CourtDistrict Court, E.D. Virginia
DecidedJanuary 3, 2022
Docket2:21-cv-00105
StatusUnknown

This text of Edwards v. Sentara Hospitals (Edwards v. Sentara Hospitals) is published on Counsel Stack Legal Research, covering District Court, E.D. Virginia primary law. Counsel Stack provides free access to over 12 million legal documents including statutes, case law, regulations, and constitutions.

Bluebook
Edwards v. Sentara Hospitals, (E.D. Va. 2022).

Opinion

IN THE UNITED STATES DISTRICT COURT FOR THE EASTERN DISTRICT OF VIRGINIA NORFOLK DIVISION

JUDSON EDWARDS, SR., Plaintiff, Vv. CIVIL NO. 2:21cv105 SENTARA HOSPITALS, Defendant.
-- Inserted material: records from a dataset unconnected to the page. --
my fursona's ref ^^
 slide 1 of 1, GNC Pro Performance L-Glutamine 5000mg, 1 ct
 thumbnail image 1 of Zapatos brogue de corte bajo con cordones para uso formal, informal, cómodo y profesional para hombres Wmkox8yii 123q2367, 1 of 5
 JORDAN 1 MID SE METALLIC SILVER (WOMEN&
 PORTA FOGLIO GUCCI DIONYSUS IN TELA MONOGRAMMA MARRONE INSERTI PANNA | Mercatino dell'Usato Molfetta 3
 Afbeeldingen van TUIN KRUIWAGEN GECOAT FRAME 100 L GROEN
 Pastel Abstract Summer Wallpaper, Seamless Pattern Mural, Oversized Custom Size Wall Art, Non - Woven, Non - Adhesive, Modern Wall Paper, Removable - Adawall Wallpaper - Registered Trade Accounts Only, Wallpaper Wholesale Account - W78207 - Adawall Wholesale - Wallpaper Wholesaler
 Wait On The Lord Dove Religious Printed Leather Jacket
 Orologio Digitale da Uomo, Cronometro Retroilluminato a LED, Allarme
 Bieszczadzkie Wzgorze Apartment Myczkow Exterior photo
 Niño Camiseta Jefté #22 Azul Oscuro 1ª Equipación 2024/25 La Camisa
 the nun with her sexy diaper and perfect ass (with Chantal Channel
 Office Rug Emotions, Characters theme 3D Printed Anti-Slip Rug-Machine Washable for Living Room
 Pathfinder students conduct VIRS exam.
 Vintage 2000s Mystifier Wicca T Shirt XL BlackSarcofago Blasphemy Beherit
OPINION AND ORDER This cause of action arises from an accident that occurred during a hospital stay beginning on April 30, 2019, when Mr. Judson Edwards, Sr. (“Plaintiff”) was admitted to Sentara Norfolk General Hospital (“Defendant Sentara”) following an attempted suicide. ECF No. 1, Compl. 5. On May 3, 2019, Plaintiff, an amputee, alleges that he fell while showering and subsequently sustained injuries (“the incident”). Id. J 7-15. Plaintiff now brings the following claims against Defendant Sentara for failure to provide adequate handicap shower facilities: Count II, General Negligence (id. J 34); and Count III, Violation of Title III of the Americans with Disabilities Act (hereinafter “ADA”) (id. at 8).' Defendant Sentara now moves to dismiss Plaintiff's Complaint pursuant to Rules 12(b)(1) and (6) of the Federal Rules of Civil Procedure. ECF Nos. 7, 9. For the reasons stated herein, Defendant Sentara’s Motions to Dismiss are GRANTED. ECF No. 7, 9.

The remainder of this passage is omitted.